Muhammad had visions of one true God, Allah. He spread his visions and was soon followed by a group of believers. However, this new monotheistic religion posed a threat and was offensive to polytheistic pagans. As a result, Muhammad and his followers were exiled, and moved to Medina. This journey, known as the hijira, is a very important part of Muslim culture. Eventually, Muhammad came back and took over. He transformed pagan shrines into Muslim mosques and expanded his beliefs. Islamic forces pushed their way into societies that were struggling from internal conflict. They fought exceptionally well because of their devotion of Allah. Using this method, Muslims conquered the Byzantine Empire, the Sasanid Empire, the Hindu Dynasty of Sind, and most of the Iberian Peninsula. They were a force to be reckoned with.
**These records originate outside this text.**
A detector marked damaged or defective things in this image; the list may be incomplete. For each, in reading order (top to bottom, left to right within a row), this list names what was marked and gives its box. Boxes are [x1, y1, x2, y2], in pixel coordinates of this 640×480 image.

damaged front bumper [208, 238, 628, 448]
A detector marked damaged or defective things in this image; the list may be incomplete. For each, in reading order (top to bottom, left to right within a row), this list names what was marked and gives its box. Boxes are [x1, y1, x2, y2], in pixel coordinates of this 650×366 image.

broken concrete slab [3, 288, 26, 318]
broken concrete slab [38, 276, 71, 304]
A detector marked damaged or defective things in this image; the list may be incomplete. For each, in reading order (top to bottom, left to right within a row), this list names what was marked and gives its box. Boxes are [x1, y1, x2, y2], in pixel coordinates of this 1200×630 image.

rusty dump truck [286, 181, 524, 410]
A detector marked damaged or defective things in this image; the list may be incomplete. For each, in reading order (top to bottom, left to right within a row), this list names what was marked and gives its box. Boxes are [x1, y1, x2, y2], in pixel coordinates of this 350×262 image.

After the death of Muhammad, the Islamic community needed a new ruler. These leaders, caliphs, soon began to struggle for power and leadership. The formation of the Umayyad Dynasty temporarily solved problems of succession. The Umayyads established their capital in Damascus, Syria. This was a great location for trade and made communication easier in the growing empire. This dynasty was very religiously diverse. They allowed non-Muslims to live there but imposed a special tax, the jizya. This dynasty was constantly warring with other civilizations. Leaders distributed wealth with the upper class, causing discontent among the lower social classes. Eventually, the Umayyad Dynasty fell into decline because of corrupt caliphs and peasant warfare,. When this dynasty fell into decline, Abu-al-Abbas noticed. He took over the Umayyads and began the Abbasid Dynasty after a huge battle. This dynasty was far more cosmopolitan and interested in the welfare of its people. Non-Muslims were allowed to rise to lofty positions. This dynasty was much more peaceful, as they were satisfied with the land they inherited. Aside from occasional clashes with Byzantines and Asian nomads, one fight even stopped the Kang expansion into Central Asia, the Abbasid Dynasty was much more peaceful.
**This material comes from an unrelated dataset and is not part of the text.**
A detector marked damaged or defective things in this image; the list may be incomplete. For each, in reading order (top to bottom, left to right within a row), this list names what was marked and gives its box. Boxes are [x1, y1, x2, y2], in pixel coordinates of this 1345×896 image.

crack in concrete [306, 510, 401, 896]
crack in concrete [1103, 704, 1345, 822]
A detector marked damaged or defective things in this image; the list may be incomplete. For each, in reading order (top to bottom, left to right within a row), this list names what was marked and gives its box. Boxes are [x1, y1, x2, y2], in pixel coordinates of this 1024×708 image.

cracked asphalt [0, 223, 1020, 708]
Muslims were influenced by three very unique cultures: Persia, India, and Greece. Persian systems of leadership were evident in both the Umayaad and Abbasid Dynasties. Persian literary techniques were also seen in political documents and education. Indians introduced Hindi numerals, algebra and astronomy to Muslims. Astronomy was an extremely important part of the Islamic faith. Greek philosophy was also visible in the dar-al-Islam. In fact, the teachings of Plato was mixed with the teachings of Islam. Ibn Rushd’s philosophy found its way into Muslim schools.
The dar-al-Islam benefited from trade and cultural diffusion. Muslim trade helped revive Silk Road trade, where ideas and goods flowed from China to the Western Mediterranean for centuries. Merchants encountered new crops on their journeys and brought them home. This resulted in a more varied diet and healthier lifestyles for Muslims. Muslims adopted the compass from China and created new sail technology. This resulted in increased accuracy and maneuverability in maritime trade.
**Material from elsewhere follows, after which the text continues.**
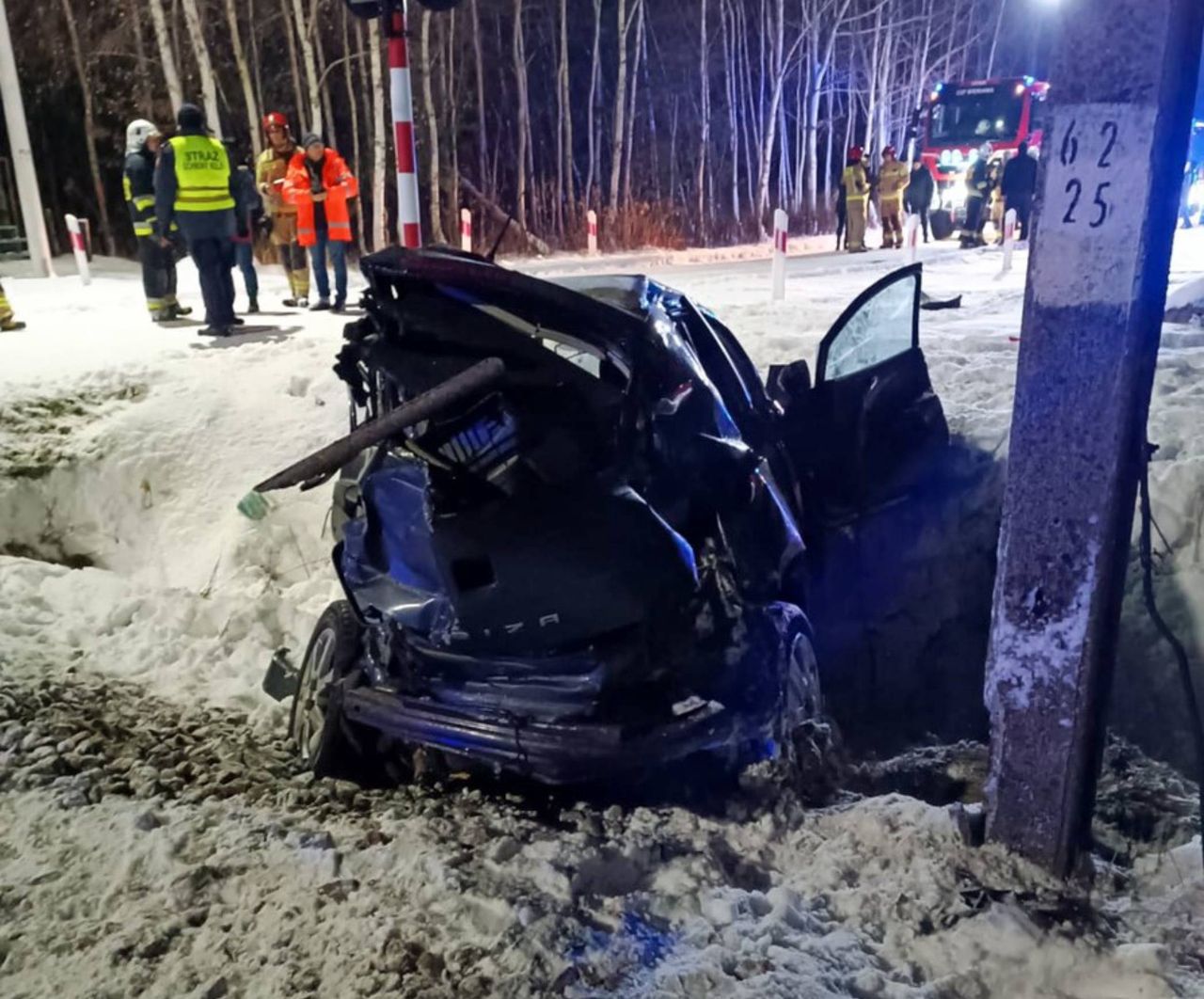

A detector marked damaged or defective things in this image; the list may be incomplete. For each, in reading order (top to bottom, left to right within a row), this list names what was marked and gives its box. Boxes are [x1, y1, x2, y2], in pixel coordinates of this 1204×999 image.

crumpled car bumper [341, 683, 770, 785]
wrecked blue car [265, 246, 948, 785]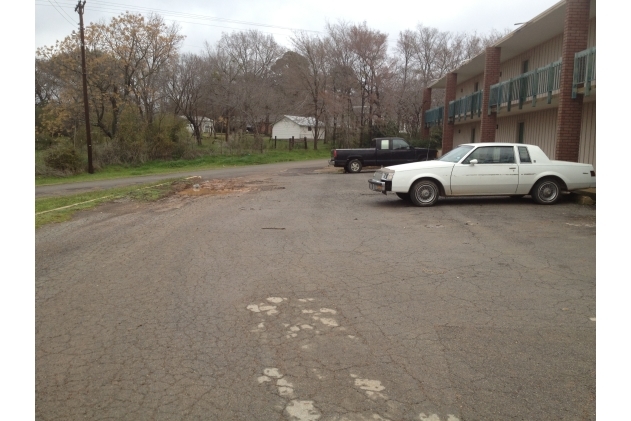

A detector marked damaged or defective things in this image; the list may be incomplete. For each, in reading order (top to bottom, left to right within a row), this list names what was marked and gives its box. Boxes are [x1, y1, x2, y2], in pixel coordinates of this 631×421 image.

cracked asphalt [35, 162, 596, 418]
Popular in some cultures, but rejected in others, Islam played a vital role in change and continuity in Southwest Asia. From its origin on the Arabian Peninsula, Islam radiated to all over Eurasia, influencing cultures all around it and accepting new ideas into its own unique lifestyle. Because of the constantly changing cultures surrounding it, the Islamic empire gradually took root in its neighboring societies and was extremely influential in the Post-Classical Era.